1998 must be on my mind (see my recent "Sphere" thread) for a reason...
That was the year I decided write my first screenplay. Hooray for nostalgia. I was 18...young, dumb, and full of cum, and a just deflowered virgin.
I was heavily into Kevin Williamson (for reviving the horror genre, snappy dialogue) and Robert Rodriguez (for making "the dream" seem possible for upstarts without connections) at the time. I had just discovered independent and foreign cinema, but was still a confirmed Hollywood genre film freak and ate up even the most misguided attempts.
The Faculty is one of those attempts. It's not the best example of what either of these guys can do on their own, but together, they made something pretty cool. An unabashedly vulgar, hard core, angsty and witty sci-fi horror thriller where the teens actually look like high schoolers and not 27 year old adults.

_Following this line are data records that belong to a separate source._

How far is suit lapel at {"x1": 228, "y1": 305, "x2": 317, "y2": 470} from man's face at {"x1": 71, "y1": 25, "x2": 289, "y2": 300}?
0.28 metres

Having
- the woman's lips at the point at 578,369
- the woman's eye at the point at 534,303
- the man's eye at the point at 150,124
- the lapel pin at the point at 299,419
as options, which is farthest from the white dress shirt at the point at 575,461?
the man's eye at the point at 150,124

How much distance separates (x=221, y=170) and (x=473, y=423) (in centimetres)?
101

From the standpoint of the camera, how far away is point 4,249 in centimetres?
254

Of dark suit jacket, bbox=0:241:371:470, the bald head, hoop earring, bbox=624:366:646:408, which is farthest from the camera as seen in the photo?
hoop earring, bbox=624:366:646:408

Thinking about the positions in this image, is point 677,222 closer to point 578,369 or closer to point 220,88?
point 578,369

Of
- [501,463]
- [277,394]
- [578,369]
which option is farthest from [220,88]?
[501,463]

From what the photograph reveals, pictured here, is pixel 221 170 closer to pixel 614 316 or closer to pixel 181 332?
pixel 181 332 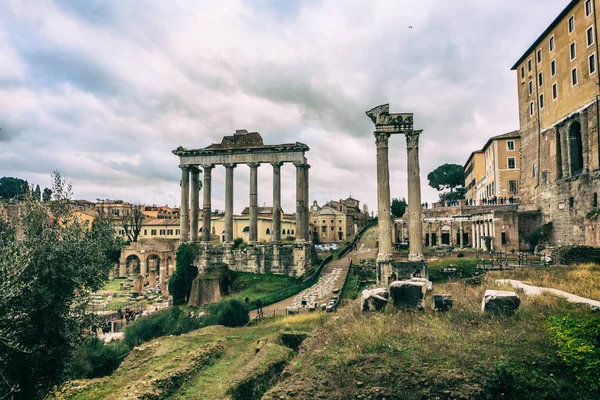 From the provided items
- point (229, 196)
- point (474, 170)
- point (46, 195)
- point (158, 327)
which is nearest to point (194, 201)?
point (229, 196)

The Faculty takes alot of cues from Carpenter's The Thing (of which Rodriguez is obviously a fan...he even recues some of Morricone's score for the Zeke's lab scene), and Invasion Of The Body Snatchers.
I believe this is also the big screen debut of Harry Knowles. This was right around the time I started reading aicn, before the troll invasion...or maybe it was always filled with the little creatures. Thankfully he has only one line and very little screen time. He's terrible (and fat).
Speaking of big screen debuts, Usher Raymond makes his first appearance in a film, and even replaces the actor who played Stan on the poster...which is odd, considering Usher has very little screen time in comparison to Stan, and he's not even really a main character. You can tell his casting was just an opportunity to shoehorn in a black pop star to lure the urban audience to a decidedly white washed film.
The acting is solid for a horror flick. Elijah Wood and Josh Hartnett are the two actors who pretty much control the two pronged tone of this flick. Wood's plays the paranoid, ostrcized geek who is up on the macabre happenings at the school with great skill. While Hartnett reinforces the film's, vulgar, cynical, hard edge in his portrayal of loner-by-choice, Zeke. It's pretty cool how both these characters are loners, but for different reasons. Clea DuVall channels the film's meta-horror-movie satirical elements, and everyone else is just sort of...there. Not that they're bad, but they're pretty much stock characters among the other more unique elements of the movie. Jordana Brewster the hot chick, Shawn Hatosy, the jock, and Laura Harris, the new girl (who obviously turns out to be the queen).
This is one of those guilty pleasures I like to revisit every now and again to remind myself that I used to have fun at the movies before I turned into a bitter, cynical film snob.